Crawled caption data
Start of Block

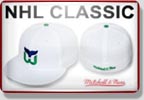 NHL Classic hats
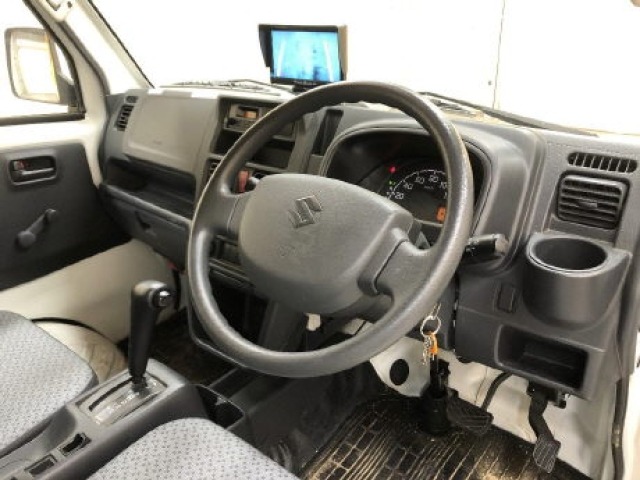 Suzuki CARRY TRUCK 2020 7981825-4
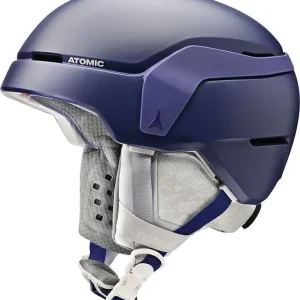 Casca Atomic Count Purple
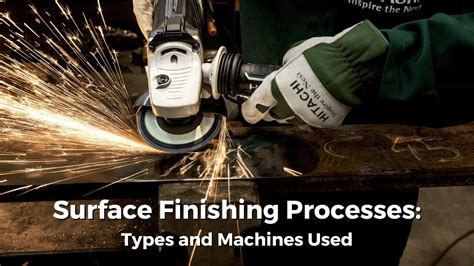 Image result for Engineering Finishing Processes
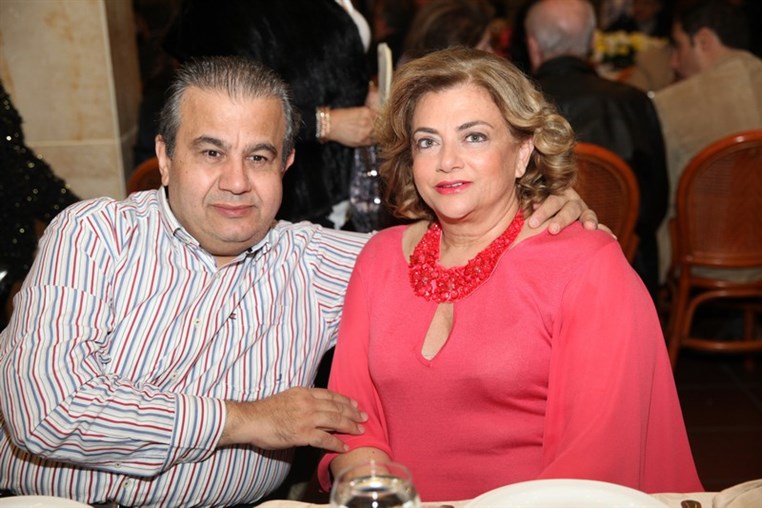 Caritas Annual Diner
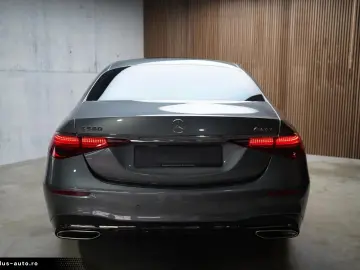 MERCEDES-BENZ S580L 4M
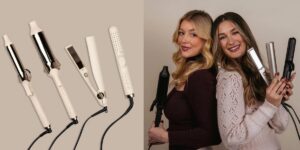TYME Style Is Redefining Professional Hair Tools With a Focus on Long-Term Hair Health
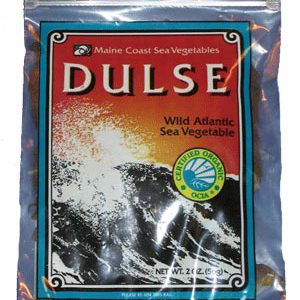 dulse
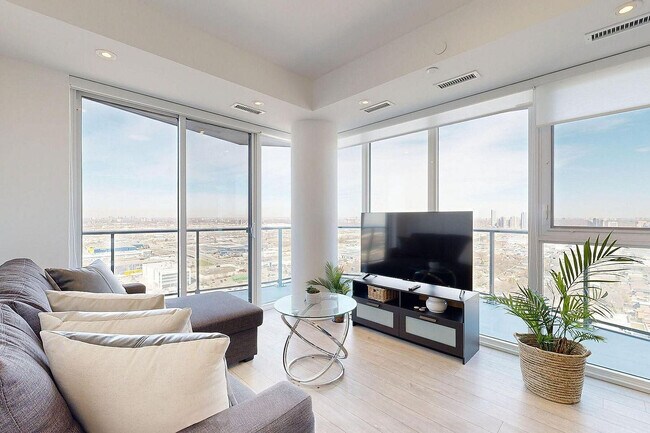 Photo du bâtiment - 36 Zorra St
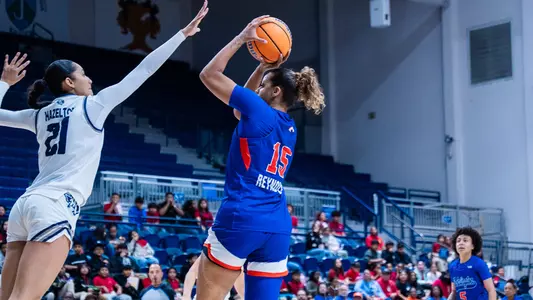 Mila Reynolds Jumper at Rice
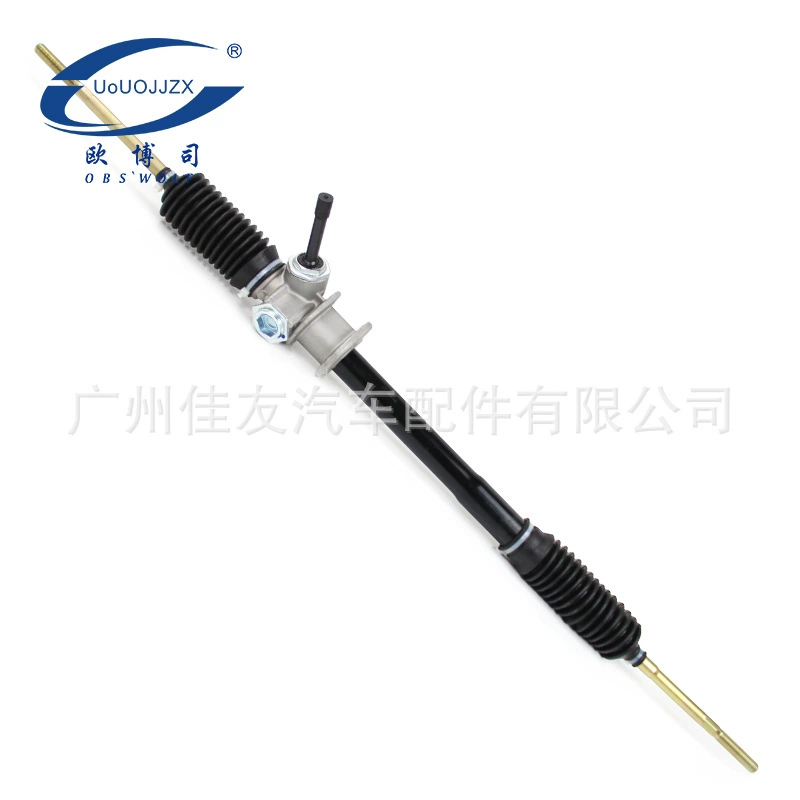 45510-27030 Применимо для Toyota CR27/KR27 Автомобильный рулевой подшипник Автомобильный рулевой станок в сборке RHD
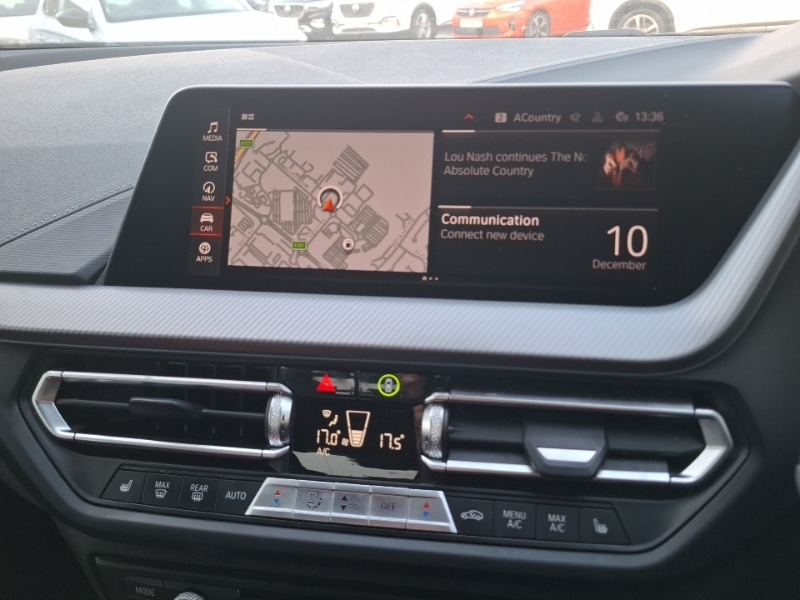 Used BMW 2 Series 2021 for sale - 76897431: Photo 14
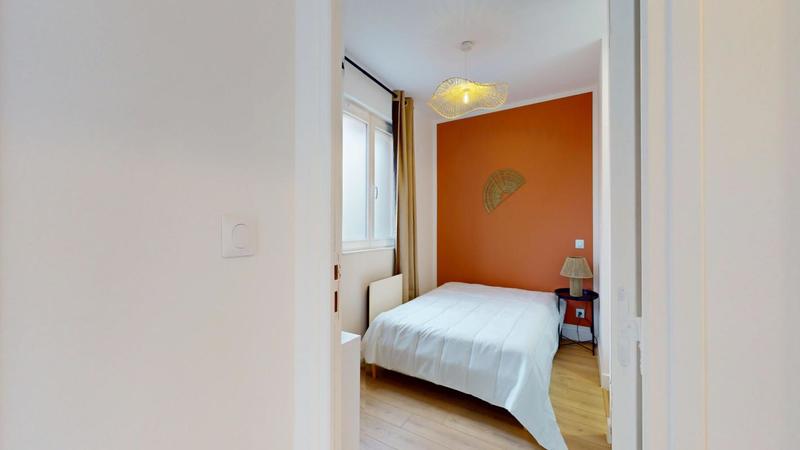 Maison - 133 m² - 8 pièces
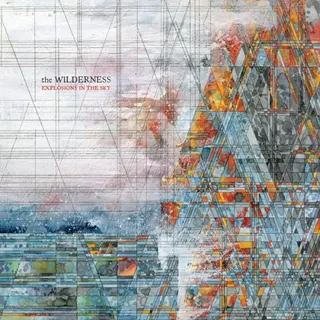 Cover of The Wilderness
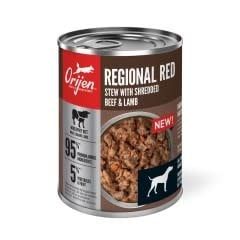Orijen - Regional Red Stew Dog 363g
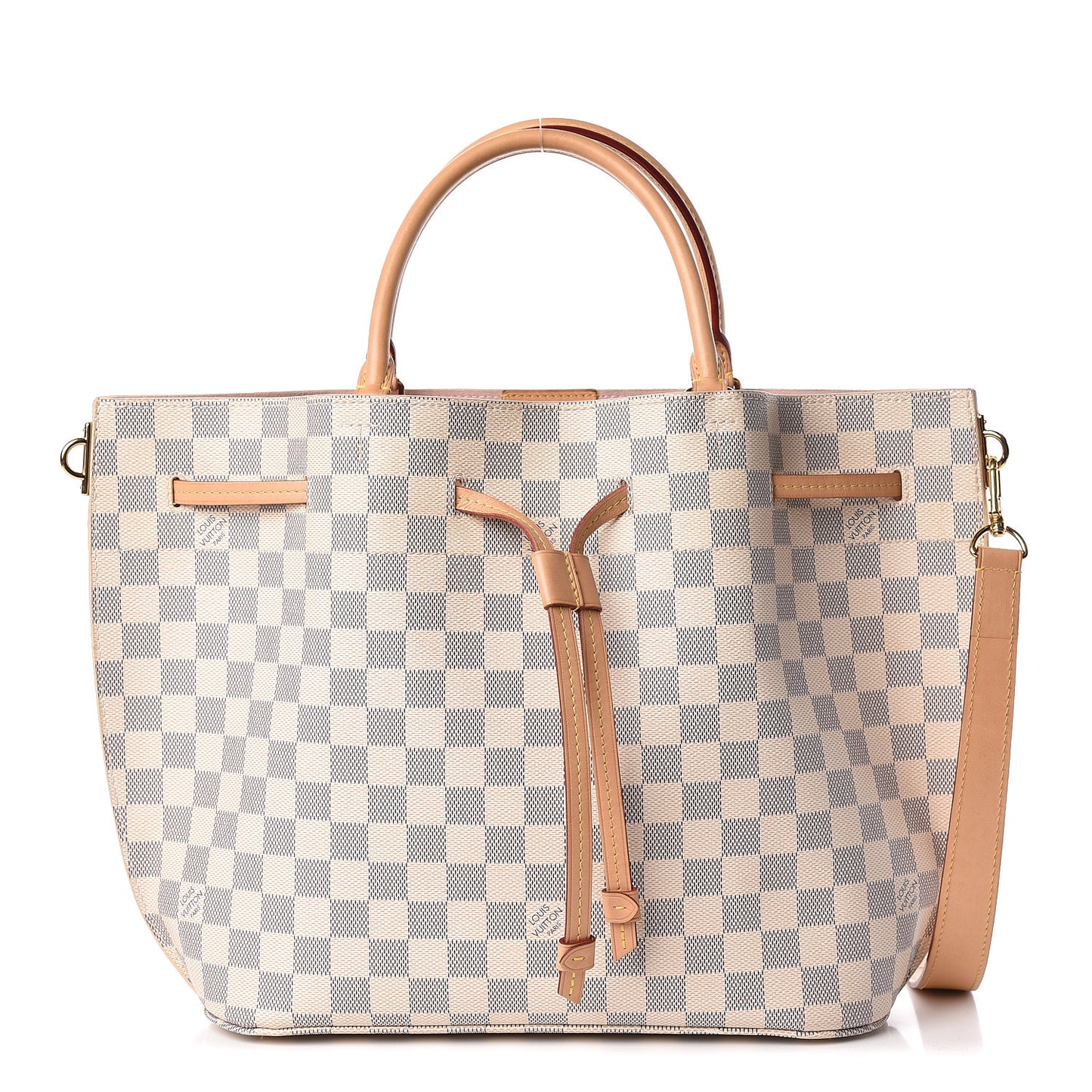 Damier Azur Girolata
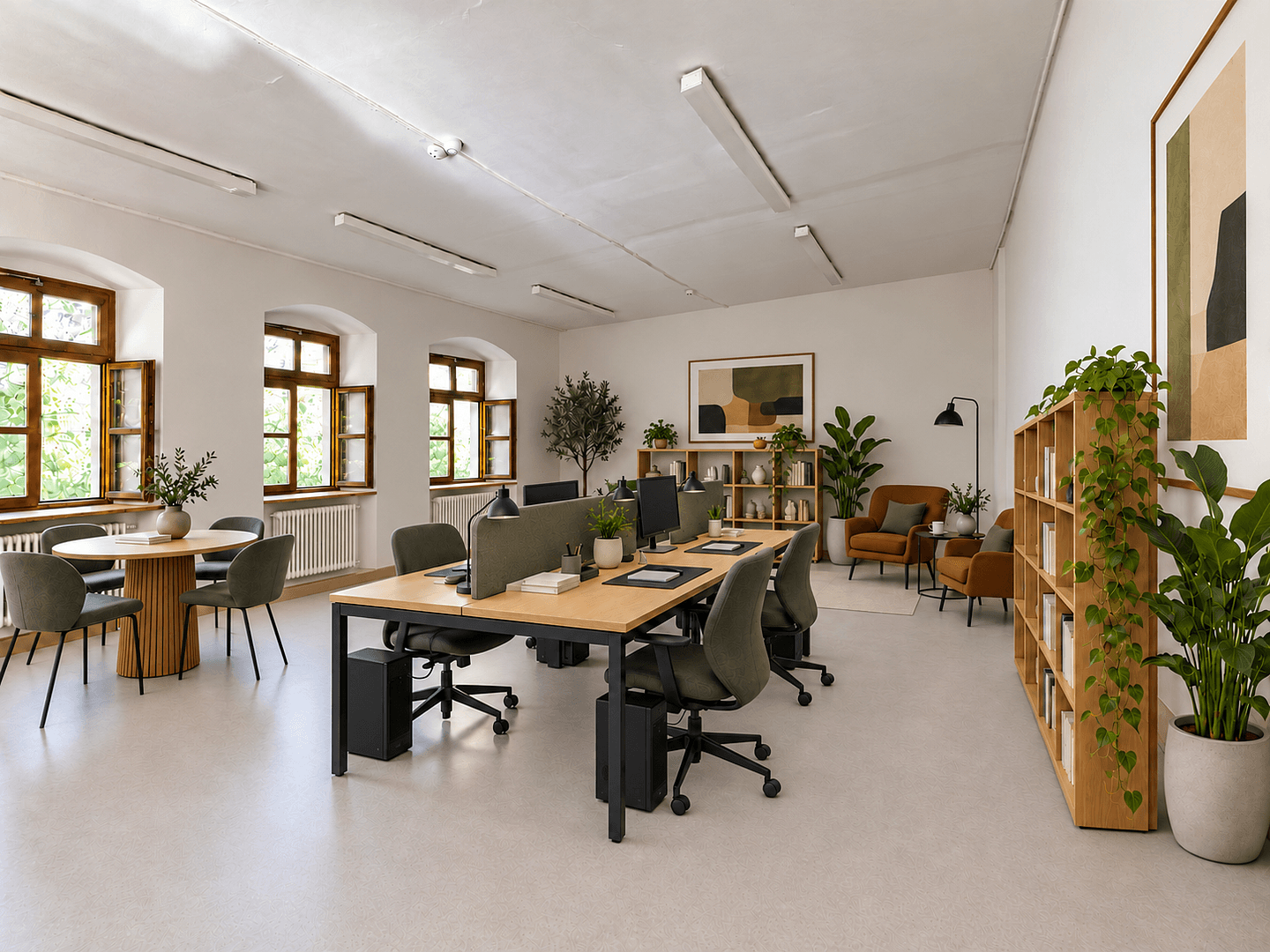 office to rent, 55 m², Burglengenfeld, Bavaria office to rent, 55 m², Burglengenfeld, Bavaria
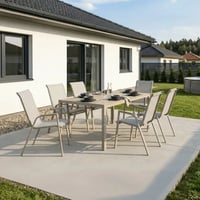 Zahradní stůl AZT-S1215 Autronic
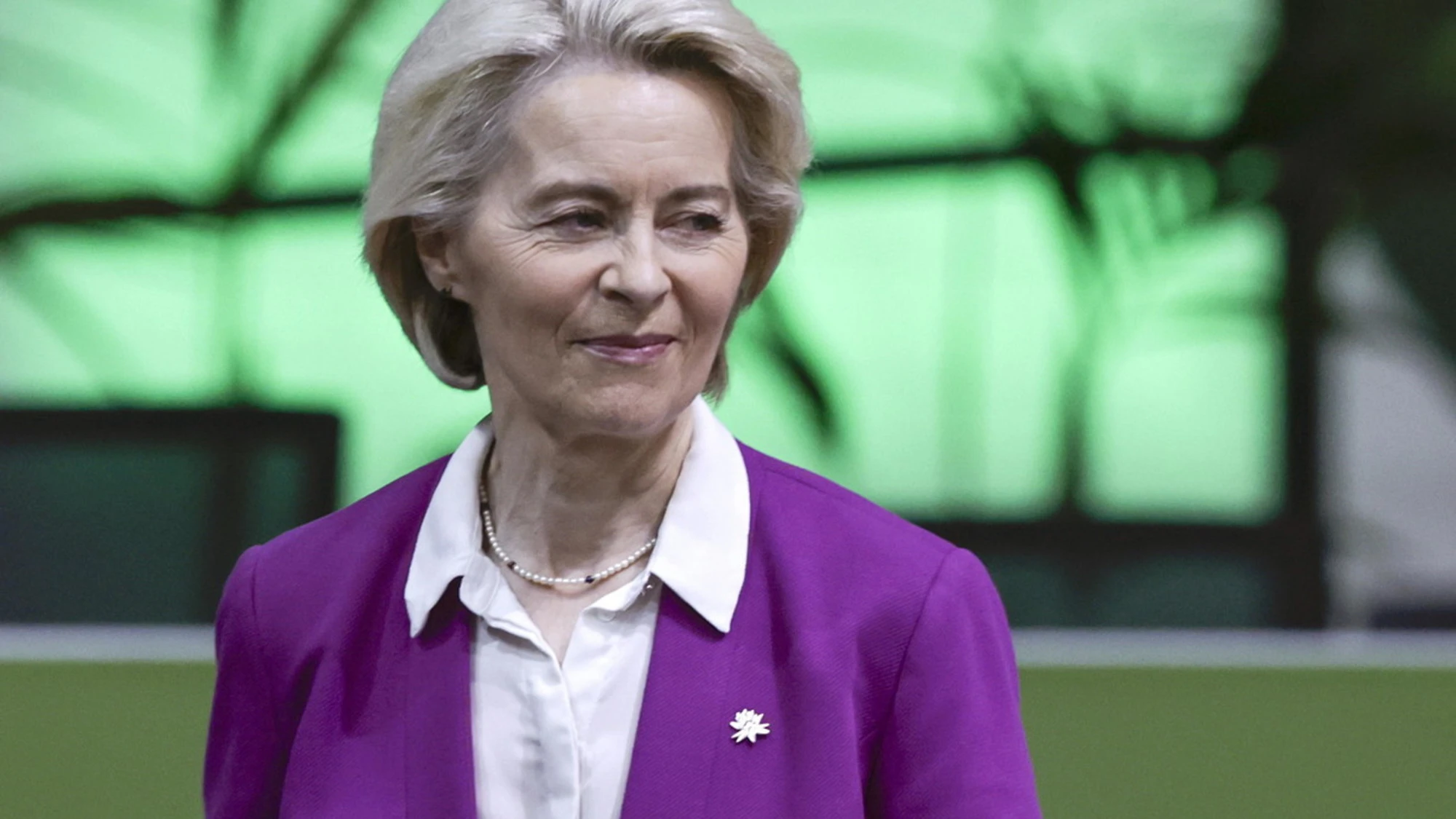 Ursula von der Leyen vuole una squadra di 007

End of Block

■ **WORK REQUIRED**: Each line between the one holding "45510-27030 Применимо для" and the one holding "office to rent, 55 m², Burglengenfeld, Bavaria office", inclusive, should be copied exactly as it appears above, and pictures should be omitted.

■ **RESULT**:
 45510-27030 Применимо для Toyota CR27/KR27 Автомобильный рулевой подшипник Автомобильный рулевой станок в сборке RHD
 Used BMW 2 Series 2021 for sale - 76897431: Photo 14
 Maison - 133 m² - 8 pièces
 Cover of The Wilderness
Orijen - Regional Red Stew Dog 363g
 Damier Azur Girolata
 office to rent, 55 m², Burglengenfeld, Bavaria office to rent, 55 m², Burglengenfeld, Bavaria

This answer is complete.